Le russe fut quelque peu surpris que cet homme en connaisse autant sur lui.
- Sponovitch : Tu sembles bien me connaître.
- Wesker : Je connais toujours bien les gens avec qui je décide de faire affaire.
- Sponovitch : Mais comment connais-tu tout ça.
- Wesker : Disons que je suis très bien renseigner de ce côté là. Mais trêve de bavardage. Je crois qu'il est temps pour toi d'aller rejoindre tes compagnons.
- Sponovitch : Je ne m'ennuie pas d'eux en tout cas.
- Wesker : Bon alors bonne chance et je te recontacte tout à l'heure pour te donner plus de détails sur ce que je veux que tu fasses pour moi.
Le russe quitta la salle comme il était venu et laissa Wesker tout seul dans la pièce qui riait comme un déchaîné. Sponovitch prit son magnum qui traînait toujours par terre et quitta le niveau deux pour se diriger vers le troisième.
***
Karla, Kyle et Sandra arrivèrent enfin au troisième étage et ils quittèrent la cage d'escalier pour pénétrer dans un couloir. Les murs n'étaient pas en béton mais en verre, qui permettrait de voir les activités qui se passaient dans les autres salles. Il y avait des corps déchiquetés ou bien transpercé par des balles, mais aussi des corps qui avaient des entailles au cou. Mais se n'était pas seulement des chercheurs qui jonchaient le sol mais aussi des hommes en uniforme noir. Il ne devait pas y avoir beaucoup de survivants et on aurait dit que le ménage n'avait pas été fait durant des mois. Des papiers, des bocaux cassé et même des instruments de toute sorte se trouvaient sur le sol. Aucun bruit suspect ne se fessait entendre dans les diverses pièces, il y avait seulement le grondement de la ventilation. Quelqu'un avait dû la mettre au bout. Mais s'il y avait bien contamination le mieux aurait été de la coupé pour empêcher la propagation dans les autres niveaux de la base. Mais on dirait que quelqu'un fessait tout pour que cela se produise. Mais qui voudrait faire une telle chose ?
Karla et les autres entrèrent dans un petit laboratoire.
- Karla : Il y a pas mal de dégâts.
- Sandra : T'a raison mais moi, je me demande plutôt qui a fait ça ?
- Kyle : Je crois que je le sais.
Kyle se pencha sur un corps et montra l'insigne qui ornait son dos. Les lettres HCF étaient inscrites.
- Karla : Je me demande ce qu'ils sont venus faire ici ?
- Sandra : Je crois qu'ils sont venus chercher le virus G-A.

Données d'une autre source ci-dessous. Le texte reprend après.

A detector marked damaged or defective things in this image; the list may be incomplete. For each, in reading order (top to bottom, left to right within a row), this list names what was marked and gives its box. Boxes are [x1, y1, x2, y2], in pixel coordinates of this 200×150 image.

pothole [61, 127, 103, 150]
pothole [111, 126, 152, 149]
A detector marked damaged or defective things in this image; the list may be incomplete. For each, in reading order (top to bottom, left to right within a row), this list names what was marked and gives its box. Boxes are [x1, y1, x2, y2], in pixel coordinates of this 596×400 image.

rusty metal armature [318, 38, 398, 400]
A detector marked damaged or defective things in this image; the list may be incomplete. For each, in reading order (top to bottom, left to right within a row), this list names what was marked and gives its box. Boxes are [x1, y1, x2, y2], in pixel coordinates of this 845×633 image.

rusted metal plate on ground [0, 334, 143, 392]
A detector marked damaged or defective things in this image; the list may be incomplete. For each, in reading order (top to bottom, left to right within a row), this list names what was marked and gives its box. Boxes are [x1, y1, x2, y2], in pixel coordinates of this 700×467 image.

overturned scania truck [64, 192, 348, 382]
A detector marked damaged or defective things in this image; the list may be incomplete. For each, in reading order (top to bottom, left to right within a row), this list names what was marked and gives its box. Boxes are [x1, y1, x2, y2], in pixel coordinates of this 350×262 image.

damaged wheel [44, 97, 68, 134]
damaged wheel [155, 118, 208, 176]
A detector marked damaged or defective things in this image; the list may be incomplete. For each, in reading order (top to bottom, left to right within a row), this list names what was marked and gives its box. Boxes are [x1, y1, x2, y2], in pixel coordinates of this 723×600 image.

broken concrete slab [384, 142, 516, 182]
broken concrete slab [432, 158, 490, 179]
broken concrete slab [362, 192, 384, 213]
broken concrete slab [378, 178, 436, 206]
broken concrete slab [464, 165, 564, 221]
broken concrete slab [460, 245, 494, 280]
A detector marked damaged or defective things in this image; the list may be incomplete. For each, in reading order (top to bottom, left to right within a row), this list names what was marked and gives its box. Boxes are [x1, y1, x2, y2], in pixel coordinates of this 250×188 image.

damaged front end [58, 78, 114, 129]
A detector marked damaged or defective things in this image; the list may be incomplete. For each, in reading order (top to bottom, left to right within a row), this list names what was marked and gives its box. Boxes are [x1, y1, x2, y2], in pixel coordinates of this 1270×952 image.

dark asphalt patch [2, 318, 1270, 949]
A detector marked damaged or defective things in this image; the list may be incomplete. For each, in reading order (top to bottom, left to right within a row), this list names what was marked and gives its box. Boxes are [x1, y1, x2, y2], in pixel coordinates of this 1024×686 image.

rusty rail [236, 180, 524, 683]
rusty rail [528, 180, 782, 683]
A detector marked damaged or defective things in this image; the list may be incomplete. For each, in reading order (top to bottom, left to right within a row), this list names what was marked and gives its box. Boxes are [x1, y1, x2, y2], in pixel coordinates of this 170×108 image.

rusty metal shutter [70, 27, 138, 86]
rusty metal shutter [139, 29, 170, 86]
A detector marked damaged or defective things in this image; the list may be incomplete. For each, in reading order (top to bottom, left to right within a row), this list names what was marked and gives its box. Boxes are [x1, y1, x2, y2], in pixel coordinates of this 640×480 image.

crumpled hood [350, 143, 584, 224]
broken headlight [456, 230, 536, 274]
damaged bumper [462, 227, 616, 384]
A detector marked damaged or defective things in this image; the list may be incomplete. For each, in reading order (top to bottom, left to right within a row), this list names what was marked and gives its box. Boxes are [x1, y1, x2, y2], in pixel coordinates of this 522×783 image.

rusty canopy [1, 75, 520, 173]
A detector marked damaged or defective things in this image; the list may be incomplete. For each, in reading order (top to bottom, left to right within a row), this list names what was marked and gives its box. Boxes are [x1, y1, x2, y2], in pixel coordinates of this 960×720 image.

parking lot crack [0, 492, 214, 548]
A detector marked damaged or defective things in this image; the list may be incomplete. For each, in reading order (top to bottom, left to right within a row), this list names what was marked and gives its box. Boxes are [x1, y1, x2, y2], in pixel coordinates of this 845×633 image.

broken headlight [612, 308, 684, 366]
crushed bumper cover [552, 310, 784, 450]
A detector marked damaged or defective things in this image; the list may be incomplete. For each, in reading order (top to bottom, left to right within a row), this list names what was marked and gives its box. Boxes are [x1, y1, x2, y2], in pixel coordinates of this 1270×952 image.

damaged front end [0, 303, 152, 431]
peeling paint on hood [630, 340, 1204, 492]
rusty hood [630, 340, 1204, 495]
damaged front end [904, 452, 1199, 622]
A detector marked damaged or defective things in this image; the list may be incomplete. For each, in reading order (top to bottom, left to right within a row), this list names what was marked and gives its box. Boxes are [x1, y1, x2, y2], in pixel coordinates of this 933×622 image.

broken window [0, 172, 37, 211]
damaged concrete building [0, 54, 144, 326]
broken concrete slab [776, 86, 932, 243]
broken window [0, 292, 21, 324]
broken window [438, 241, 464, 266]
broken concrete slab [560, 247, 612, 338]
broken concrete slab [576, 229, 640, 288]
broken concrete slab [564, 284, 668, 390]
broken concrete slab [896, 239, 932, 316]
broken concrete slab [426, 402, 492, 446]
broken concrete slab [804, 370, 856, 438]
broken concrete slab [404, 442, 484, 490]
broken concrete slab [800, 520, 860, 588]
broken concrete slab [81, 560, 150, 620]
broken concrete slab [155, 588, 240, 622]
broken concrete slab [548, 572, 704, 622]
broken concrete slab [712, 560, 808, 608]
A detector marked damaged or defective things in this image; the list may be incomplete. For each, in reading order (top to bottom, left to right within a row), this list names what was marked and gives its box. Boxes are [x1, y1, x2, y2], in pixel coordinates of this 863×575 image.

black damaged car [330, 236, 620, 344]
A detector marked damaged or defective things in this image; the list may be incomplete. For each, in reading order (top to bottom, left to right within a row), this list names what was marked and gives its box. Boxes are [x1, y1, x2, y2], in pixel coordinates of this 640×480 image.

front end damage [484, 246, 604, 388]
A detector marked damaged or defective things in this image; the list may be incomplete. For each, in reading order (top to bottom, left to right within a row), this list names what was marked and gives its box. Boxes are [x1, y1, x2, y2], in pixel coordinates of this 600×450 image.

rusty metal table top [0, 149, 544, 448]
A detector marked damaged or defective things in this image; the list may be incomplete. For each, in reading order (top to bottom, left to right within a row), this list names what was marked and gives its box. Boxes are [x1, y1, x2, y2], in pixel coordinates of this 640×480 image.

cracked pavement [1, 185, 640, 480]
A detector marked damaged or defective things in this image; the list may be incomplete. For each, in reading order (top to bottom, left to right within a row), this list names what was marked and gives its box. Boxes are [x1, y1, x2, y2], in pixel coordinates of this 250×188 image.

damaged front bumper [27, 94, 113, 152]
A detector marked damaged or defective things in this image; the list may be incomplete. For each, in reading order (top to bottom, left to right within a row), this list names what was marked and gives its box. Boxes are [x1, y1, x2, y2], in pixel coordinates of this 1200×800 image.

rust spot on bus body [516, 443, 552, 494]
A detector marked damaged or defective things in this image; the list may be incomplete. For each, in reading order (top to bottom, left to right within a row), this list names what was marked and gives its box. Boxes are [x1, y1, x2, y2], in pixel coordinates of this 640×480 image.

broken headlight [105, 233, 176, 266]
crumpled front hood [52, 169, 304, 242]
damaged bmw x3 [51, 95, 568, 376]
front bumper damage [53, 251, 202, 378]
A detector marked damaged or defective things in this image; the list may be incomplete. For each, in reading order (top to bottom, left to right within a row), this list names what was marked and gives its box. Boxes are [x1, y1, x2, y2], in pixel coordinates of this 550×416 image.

- Karla : Mais pourquoi nous attaqueraient-ils s'ils peuvent s'en procurer un plus facilement.
- Sandra : Ils veulent peut-être avoir les deux comme ça ils seront les seuls à avoir un échantillon.
- Kyle : Ou qu'ils ne savent pas qu'il en a un deuxième.
- Karla : Vos deux conclusions sont closible. Mais laquelle est la bonne ?
- Sandra : Le seul moyen serait de savoir si l'un de leur agent est encore en vie car il y a eut un méchant carnage ici et je crois qu'il a peu de chance que quelqu'un est pu survivre.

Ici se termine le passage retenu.